- Story code: W MOC 41-01
- Story: Carl Barks
- Ink: Carl Barks
- Date: 1949
- Pages: 22
- Layout: 4 rows per page
- Appearances: Donald Duck Huey, Dewey and Louie Gladstone Gander Uncle Scrooge
- First publication: March of Comics #41

= Race to the South Seas! =

"Race to the South Seas!" is a 22-page Disney comics story written, drawn, and lettered by Carl Barks. Characters in the story include Donald Duck, his nephews Huey, Dewey, and Louie, Gladstone Gander, and Uncle Scrooge. The story was first published in March of Comics #41 (1949), and has been reprinted several times.
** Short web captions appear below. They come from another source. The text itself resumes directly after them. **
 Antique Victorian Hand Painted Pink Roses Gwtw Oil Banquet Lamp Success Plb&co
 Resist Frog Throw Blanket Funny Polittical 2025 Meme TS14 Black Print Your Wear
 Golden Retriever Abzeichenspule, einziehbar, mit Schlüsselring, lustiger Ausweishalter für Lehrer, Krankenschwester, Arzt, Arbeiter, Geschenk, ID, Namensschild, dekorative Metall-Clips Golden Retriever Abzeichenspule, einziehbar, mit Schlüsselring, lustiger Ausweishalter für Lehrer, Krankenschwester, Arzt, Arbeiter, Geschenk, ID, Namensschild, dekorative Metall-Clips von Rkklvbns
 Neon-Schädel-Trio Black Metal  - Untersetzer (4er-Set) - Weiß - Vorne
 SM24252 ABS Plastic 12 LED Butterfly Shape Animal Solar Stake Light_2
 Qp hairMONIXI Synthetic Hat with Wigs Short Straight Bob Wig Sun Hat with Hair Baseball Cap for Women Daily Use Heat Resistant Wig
Race is one of Barks's first stories to present Gladstone's good luck to be something almost supernatural.

==Plot==
Uncle Scrooge has been lost at sea, but is believed to be alive on some remote Pacific island. Donald and Gladstone each set sail to be the first to rescue their favorite uncle. Gladstone has all the luck and smooth sailing while Donald and the nephews have rough going. Scrooge is finally found on an island where he has the natives worshiping and waiting on him like an idol and king. He is running his business from the island because he doesn't want his relatives interfering. When Gladstone appears, Scrooge removes him from his will. He promises to leave his fortune to Donald because he has kept his distance. Donald sails home the winner.